When a woman discovers a rare book that has connections to her past, long-held secrets about her missing sister and their childhood spent in the English countryside during World War II are revealed.

In the war-torn London of 1939, fourteen-year-old Hazel and five-year-old Flora are evacuated to a rural village to escape the horrors of the Second World War. Living with the kind Bridie Aberdeen and her teenage son, Harry, in a charming stone cottage along the River Thames, Hazel fills their days with walks and games to distract her young sister, including one that she creates for her sister and her sister alone--a fairy tale about a magical land, a secret place they can escape to that is all their own.
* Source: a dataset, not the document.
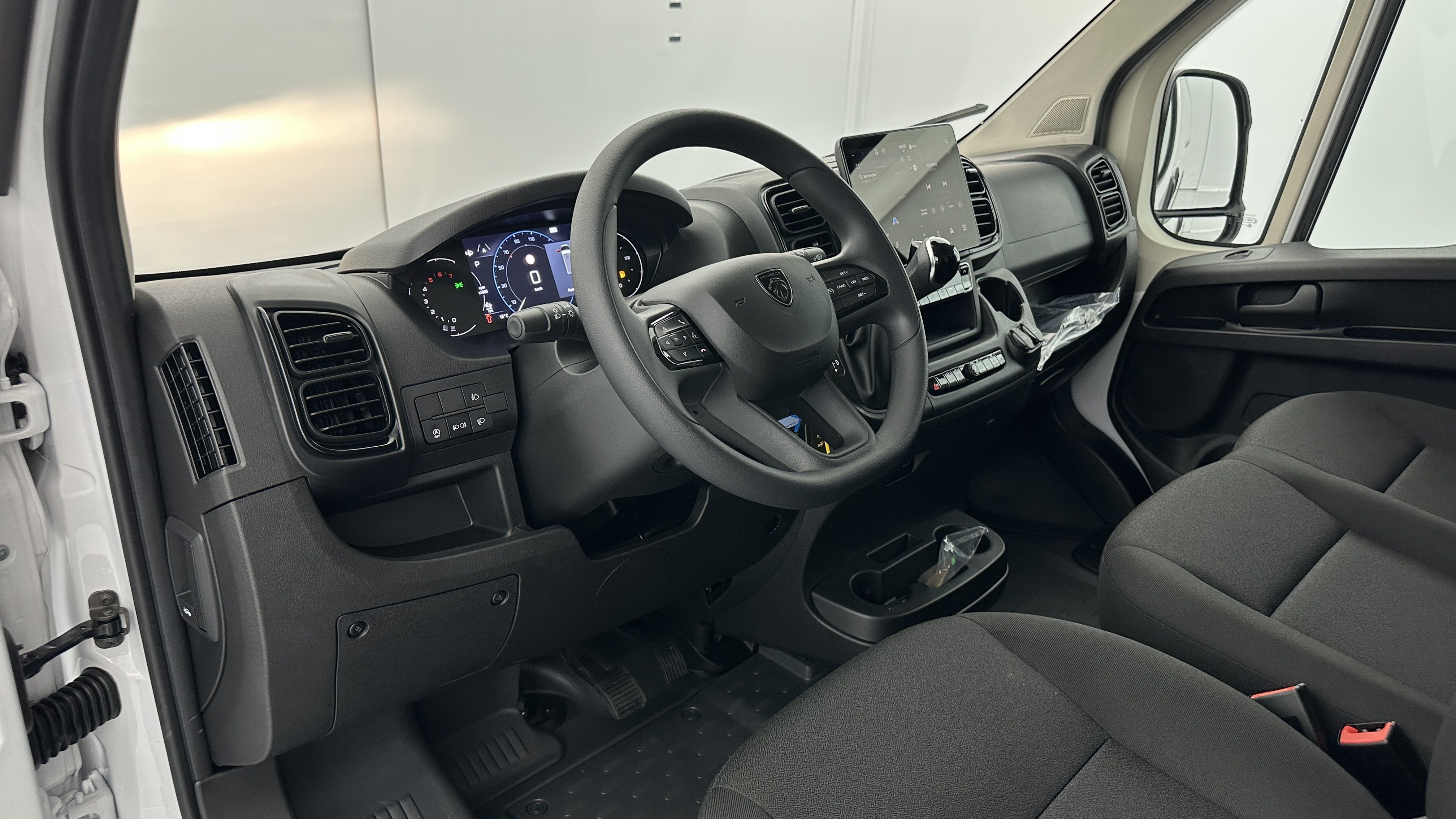 Peugeot Boxer - Image 6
But the unthinkable happens when young Flora suddenly vanishes while playing near the banks of the river. Shattered, Hazel blames herself for her sister's disappearance, and she carries that guilt into adulthood as a private burden she feels she deserves.

Twenty years later, Hazel is in London, ready to move on from her job at a cozy rare bookstore to a career at Sotheby's. With a charming boyfriend and her elegantly timeworn Bloomsbury flat, Hazel's future seems determined. But her tidy life is turned upside down when she unwraps a package containing an illustrated book called Whisperwood and the River of Stars . Hazel never told a soul about the imaginary world she created just for Flora. Could this book hold the secrets to Flora's disappearance? Could it be a sign that her beloved sister is still alive after all these years?

As Hazel embarks on a feverish quest, revisiting long-dormant relationships and bravely opening wounds from her past, her career and future hang in the balance. An astonishing twist ultimately reveals the truth in this transporting and refreshingly original novel about the bond between sisters, the complications of conflicted love, and the enduring magic of storytelling.